= Basil Brooke (Leicestershire MP) =

English MP

Sir Basil Brooke, of Lubenham (died 12 November 1612) represented Leicestershire in parliament 1607-1610.

Basil Brooke of Lubenham was the son of Sir Andrew Brooke of Monks Kirby, Warws., a Gentleman Usher to Queen Mary and third son of Thomas Brooke of Leighton, Cheshire. His father inherited Lubenham and Milton Malsor through his great-uncle, Henry Brooke, chief clerk of the Green Cloth and follower of John Dudley, 1st Duke of Northumberland.
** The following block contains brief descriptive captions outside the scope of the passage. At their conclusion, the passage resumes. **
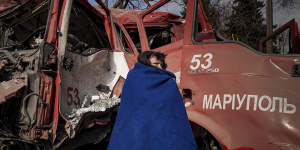 In a city that has had no heating for a week,a woman wraps herself in a blanket as she walks past the shell of a Mariupol fire truck hit by a missile. 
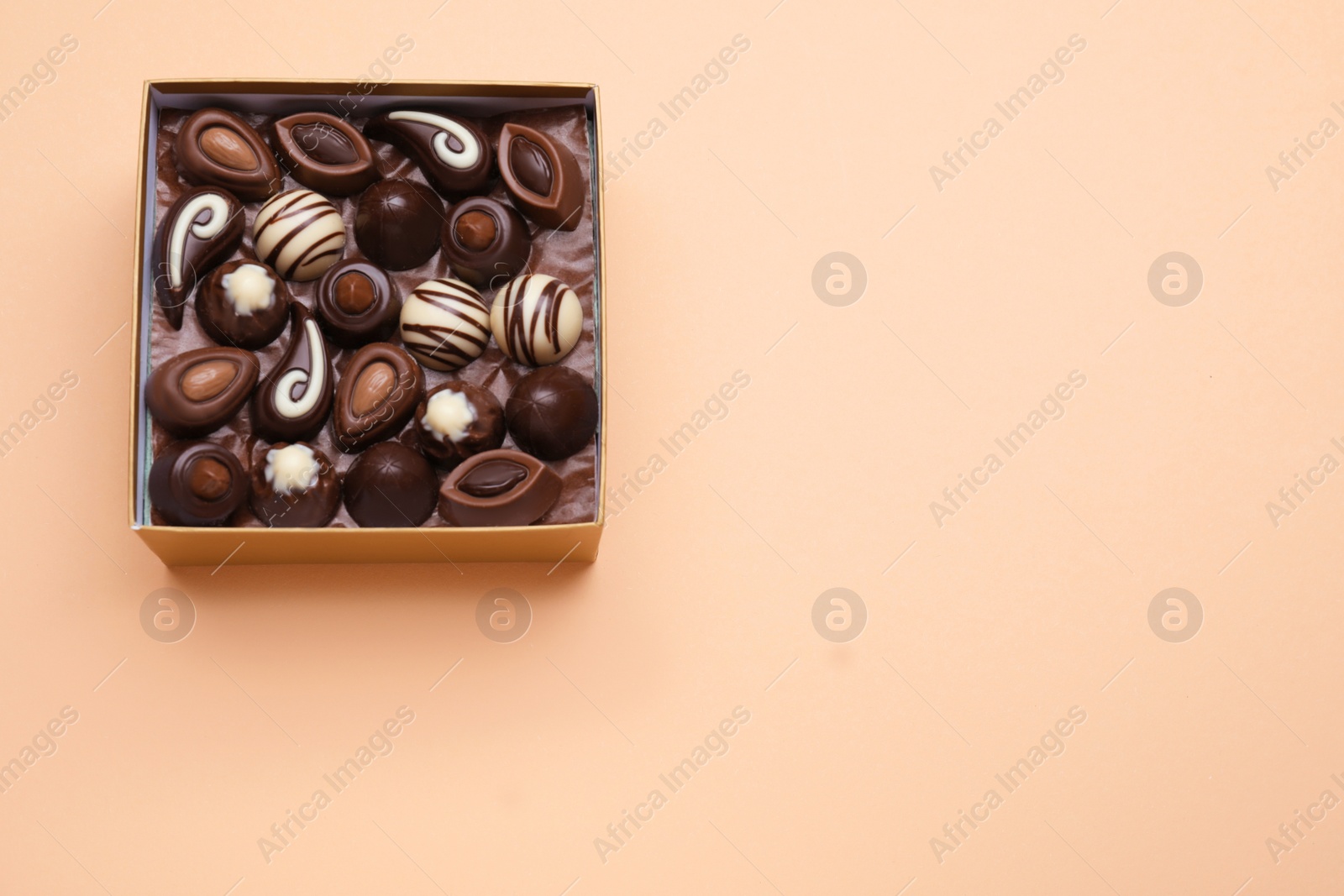 Photo of Box of delicious chocolate candies on beige background, top view. Space for text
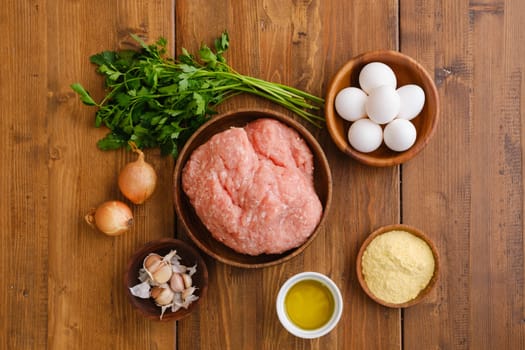 Top view of minced meat and ingredients for homemade meatballs on a table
Basil succeeded his father in 1569. In 1581 he sold Milton Malsor to William Goodere.

He was appointed Escheator of Warwickshire and Leicestershire in 1597 and was a justice of the peace for Leicestershire from 1601 to at least 1608. He was knighted at the accession of James I in 1603 and served as High Sheriff of Leicestershire for 1605 (Feb to Nov).

He was elected knight of the shire for Leicestershire in a by-election on 28 May 1607 following the death of Sir Henry Beaumont. His estate was not large (in 1608 he stated that his Lubenham estate brought him £300 per annum) and he experienced financial difficulties. His election to parliament is thus surprising and was presumably due to a link to the Grey family.

He died on 12 November 1612 and was buried at Lubenham.

He had married Goodeth, the daughter of Sir William Feilding of Newnham Paddox, Warwickshire and had 3 sons. In 1624 his son Thomas sold Lubenham to Sir Ranulph Crewe.